Born to a Jewish family in Ferrara on 10 February 1881, he took a course in arts and crafts before working as a ceramicist, designer, teacher and stucco-artist in Florence, Ferrara and Genoa (in this period he produced a gigantic "Neptune" in iron and cement in 1910 at Monterosso al Mare, and other fountains in Genoa).

Aged 35 he moved to Milan where, in 1919, he put on an exhibition of his work to the critics and the public in the Galleria Pesaro. That exhibition also toured successfully to the 1920 Regionale di Ferrara, back to Milan in 1922 before going to the Primaverile Fiorentina that year, and finally being invited to the Venice Biennale, where he exhibited his silver group "Last Supper" (now in Oslo Cathedral). On 14 June 1925, in the Parco delle Rimembranze at Bondeno, he unveiled his "La Madre" as a monument to the dead of the First World War, for which he was later made an honorary citizen of Bondeno, though this was revoked by the promulgation of the Fascist race laws and only re-conferred in 2004.

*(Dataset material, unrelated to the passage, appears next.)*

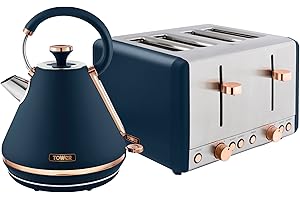 Tower Cavaletto Kitchen Set, 1.7L Rapid Boil Kettle & 4 Slice Toaster, Midnight Blue and Rose Gold, T10044MNB, T20051MNB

Minerbi was the favourite artist of Gabriele D'Annunzio, for whom he produced "Luisa", a portrait of D'Annunzio's mother (as well as the tomb in the Chiesa di San Cetteo at Pescara, now Pescara Cathedral) and the bust of Eleonora Duse: both these portrait busts were exhibited at the Vittoriale degli Italiani of Gardone Riviera. In 1937 he was commissioned to produce the first (from the left) of five bronze doors for Milan Cathedral (on the theme of The Edict of Constantine), but he was subsequently forced into hiding at Gavazzana by racial persecution and only completed the doors in 1948.

==Works==
- Self-portrait (1914, bronze, Galleria dell'Autoritratto a Firenze; marble, Galleria d'Arte Moderna in Ferrara);
- The Martyr (bust of Cesare Battisti, 1917, Castello del Buon Consiglio in Trento);
- The Victory of the Piave (1920, three bronze exemplars: Torre della Vittoria in Ferrara; Vittoriale degli Italiani in Gardone Riviera; cuggiono);
- Monument to Italian Doctors Fallen in War (1924, Chiostro della Sanità Militare in Florence);
- Mattino di Primavera (1929, Galleria d'Arte Moderna in Rome);
- Saint Francis preaching to the birds (1929, Tomba Cusini, Cimitero Monumentale in Milan);
- The Last Supper (1930, silver group, Oslo Cathedral),
- Luisa (bust of Gabriele D'Annunzio's mother, Vittoriale degli Italiani in Gardone Riviera);
- Eleonora Duse (bust, Vittoriale degli Italiani in Gardone Riviera);
- Tomb of Luisa D'Annunzio (1939, Pescara Cathedral);
- L'Assunta (1940, Chiesa delle Grazie, Milan);
- La Porta dell'editto di Costantino (1948, Milan Cathedral),
- Don Orione morente (1952, Rome),
- Madonna Salus Populi Romani (1953, Rome – Monte Mario)
- ungilded copy of the Madonna Salus Populi Romani (1954, East Boston – Don Orione Shrine)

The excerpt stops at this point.